Do you ever have one of those bad dreams you can't seem to wake up from? And when you do, you can't shake it?
Last night I had one. Actually just moments ago.
I dreamt about a weather catastrophe. Perhaps it was Sandy related, knowing how bad it has affected a large group of people. In this dream we knew something was going to happen. Sirens were going off everywhere and I guess we were advised to just get out and quickly. Everyone was at the airport and lines snaked around to get inside to catch a flight out of there.
Crowds had put distance between me, my husband and Christopher. I called Christopher to stand by me moments before we were inside of the airport and they shut the doors; leaving my husband and others trapped outside.
We watched the outside crowds disperse and the ones of us inside watched in horror as we took off and the ground beneath us had waves come crashing in from the shore. In the dream I was unable to reach anyone for two days to tell them we were okay because my husband had my cellphone.
We were reunited with him in two days. Christopher and I arrived to our home in tact. My mom was there and I was mad that I had not been able to reach anyone because I didn't have my cellphone. I didn't know what was going on because I didn't have the internet in my pocket.

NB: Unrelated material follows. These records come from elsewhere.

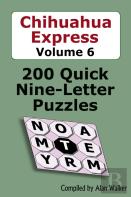 Chihuahua Express Volume 6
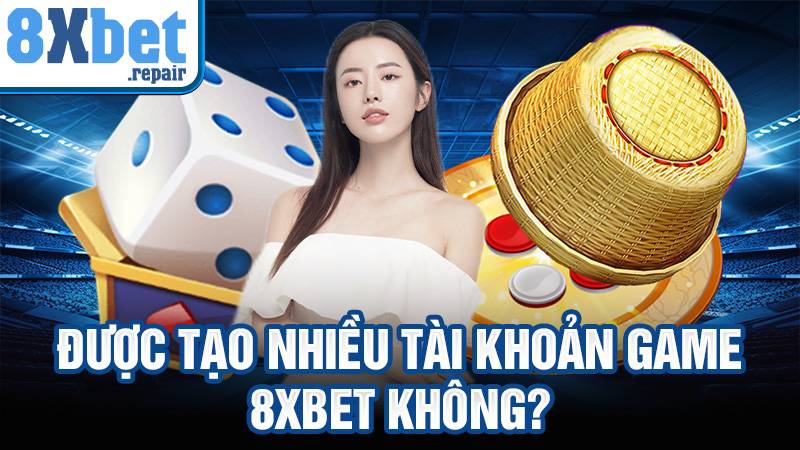 Được tạo nhiều tài khoản game 8xbet không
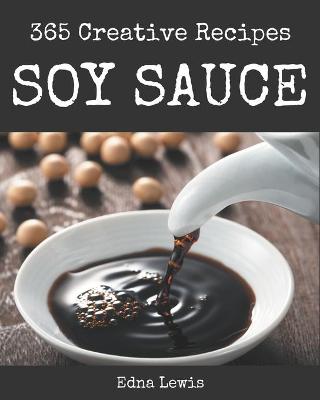 Book cover for 365 Creative Soy Sauce Recipes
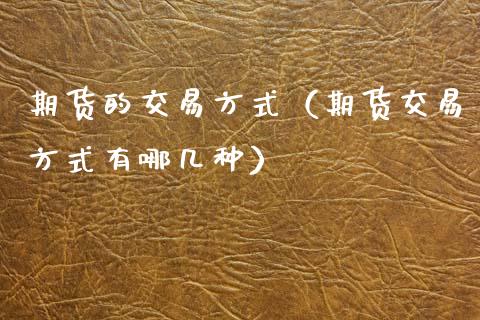 期货的交易方式（期货交易方式有哪几种）_https://www.zcsm.com.cn_期货行情_第1张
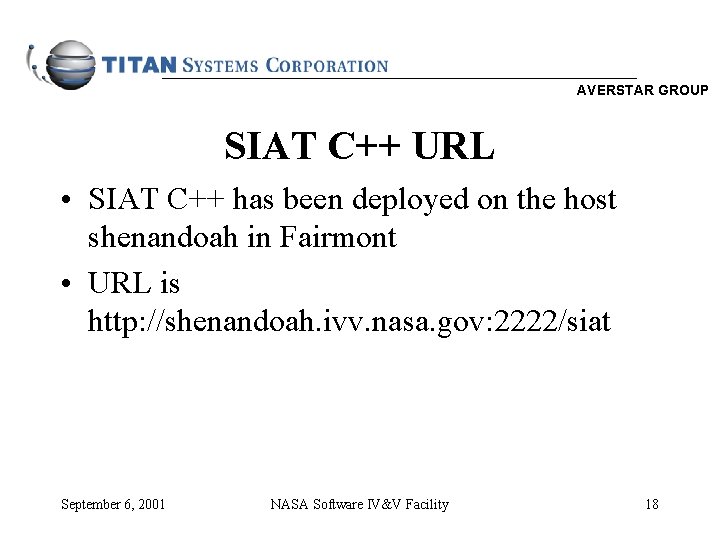 AVERSTAR GROUP SIAT C++ URL • SIAT C++ has been deployed on the host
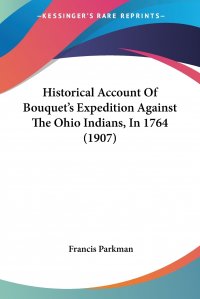 Historical Account Of Bouquet's Expedition Against The Ohio Indians, In 1764 (1907)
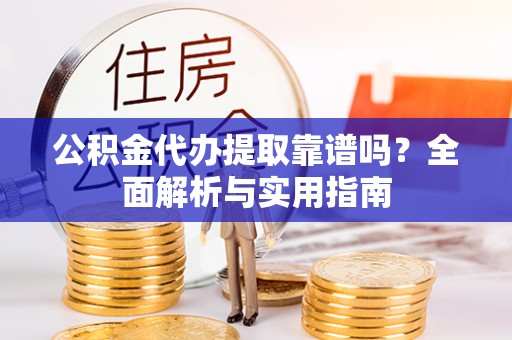 砀山公积金代办提取靠谱吗？全面解析与实用指南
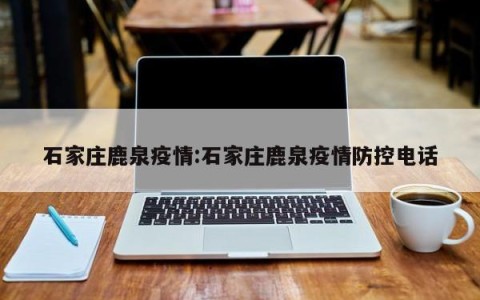 石家庄鹿泉疫情:石家庄鹿泉疫情防控电话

Then I really looked at my husband. He was dressed in his cammies. They were leaving. We were suddenly at war. The crazy weather was a result of something undisclosed. I looked at him, embraced him and asked, "Are you coming back?" Christopher was standing in a corner watching us.
I woke up then. In my dream, I said, "Enough of this misery." At 4:41 am, I woke up sad.
In real life, not everyone comes back. In real life when you say goodbye, in your mind you ask, "Are you coming back?" Regardless of their job, every causality you hear on the news , you try not to wonder who that was, but you can't wait to hear from the ones you know.
That casualty was someone's son or daughter, father or mother, husband or wife, brother or sister, uncle or aunt, cousin, neighbor, someone from church or best friend. That loss belongs to someone.
In real life mine came home and without a scar, but not everyones does.
Remembering those military personnel who died or were wounded, serving our country.